- [Data]
━━━━━━━━━━━━━━━━━━━━━━━━━━━━━━
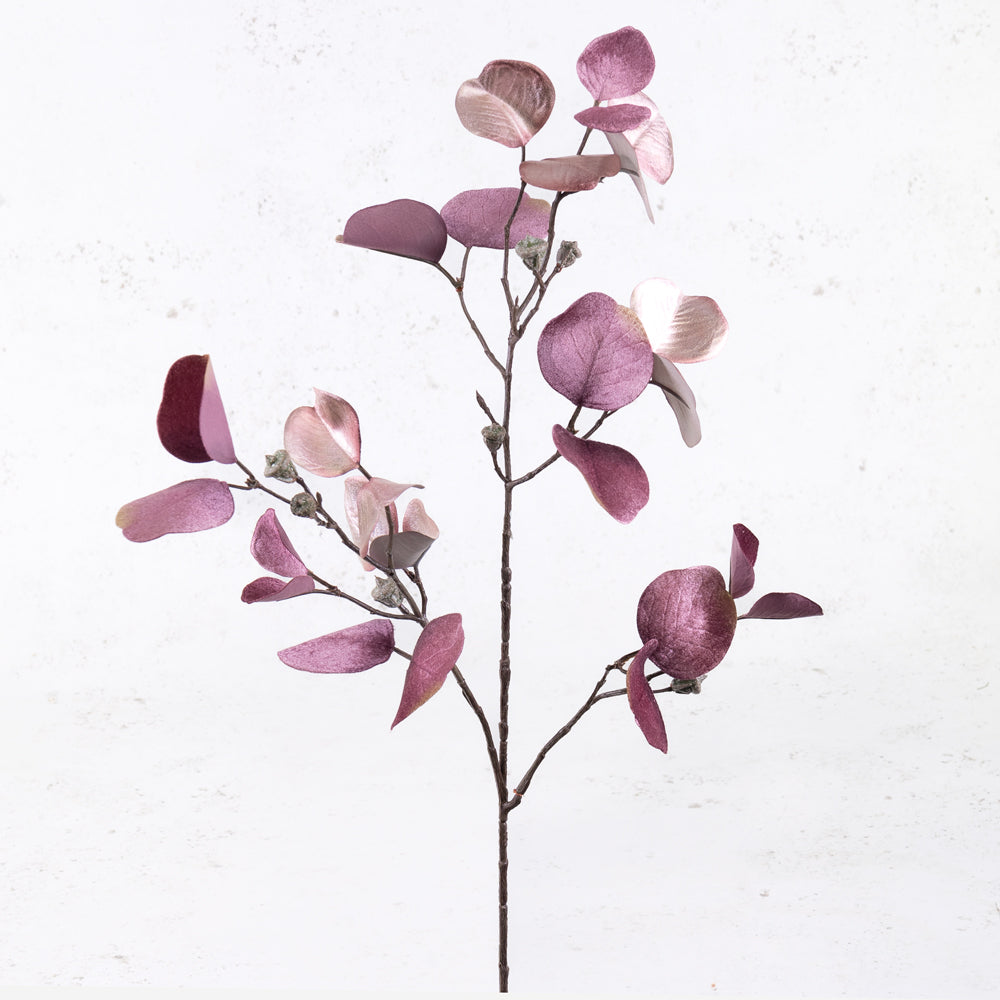 Eucalyptus 'Glamour', Mauve, 83cm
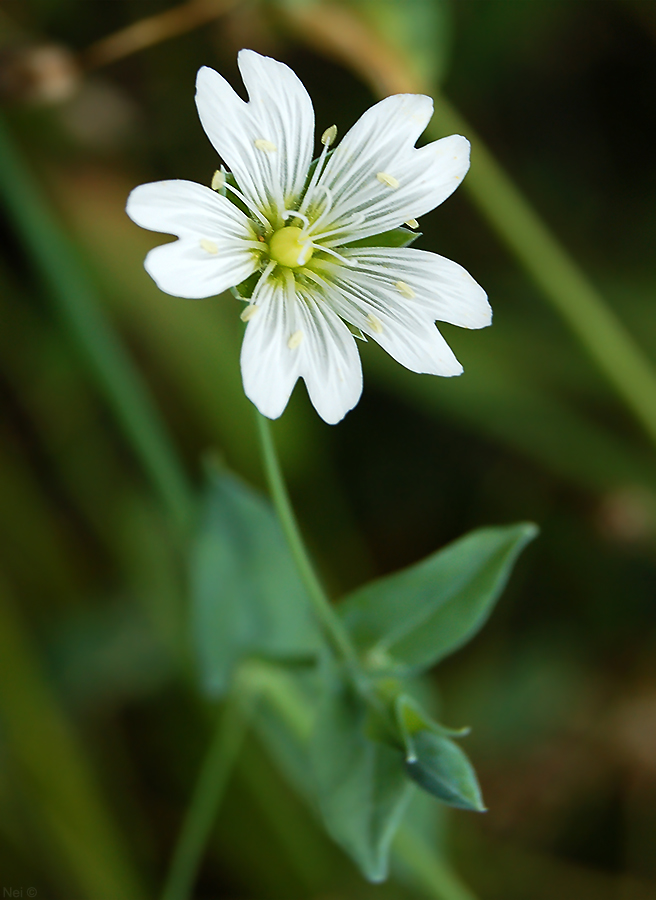 Изображение особи Cerastium davuricum.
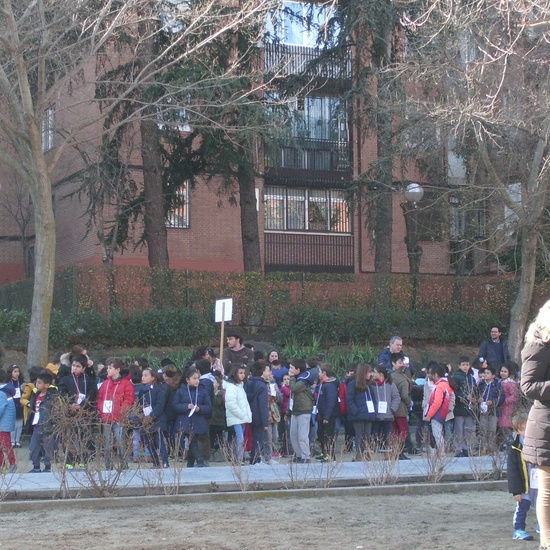 HOSTOS Y LEPANTO JUSTOS POR LA PAZ 8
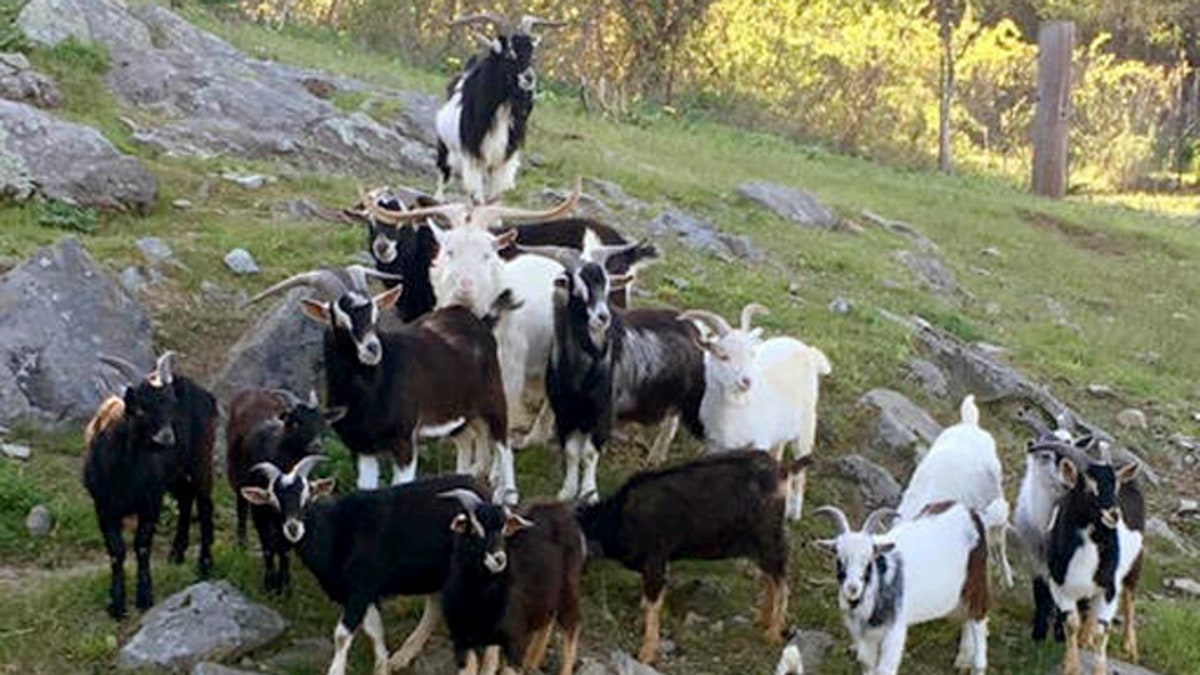 Massachusetts goats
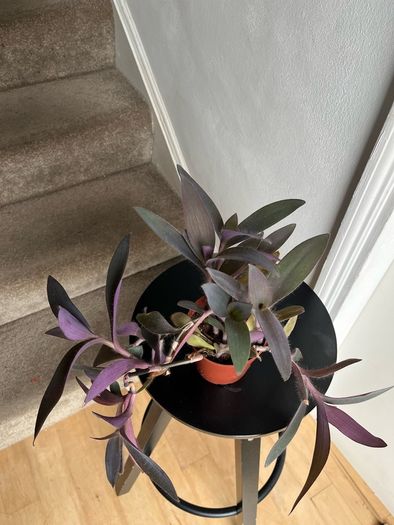 tradescantia pallida plant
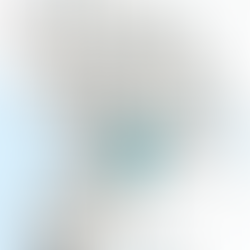 Moving to Bellingham, WA: A Complete Guide to Every Neighborhood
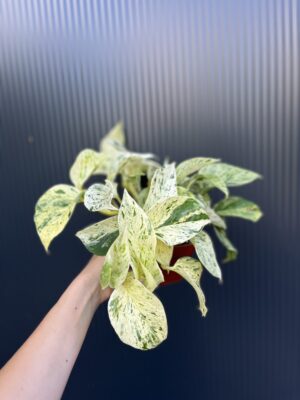 Epipremnum snow Leopard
━━━━━━━━━━━━━━━━━━━━━━━━━━━━━━
- [Activity] Exactly as given, transcribe every line of the data, but not its images.

- [Output below]
 Eucalyptus 'Glamour', Mauve, 83cm
 Изображение особи Cerastium davuricum.
 HOSTOS Y LEPANTO JUSTOS POR LA PAZ 8
 Massachusetts goats
 tradescantia pallida plant
 Moving to Bellingham, WA: A Complete Guide to Every Neighborhood
 Epipremnum snow Leopard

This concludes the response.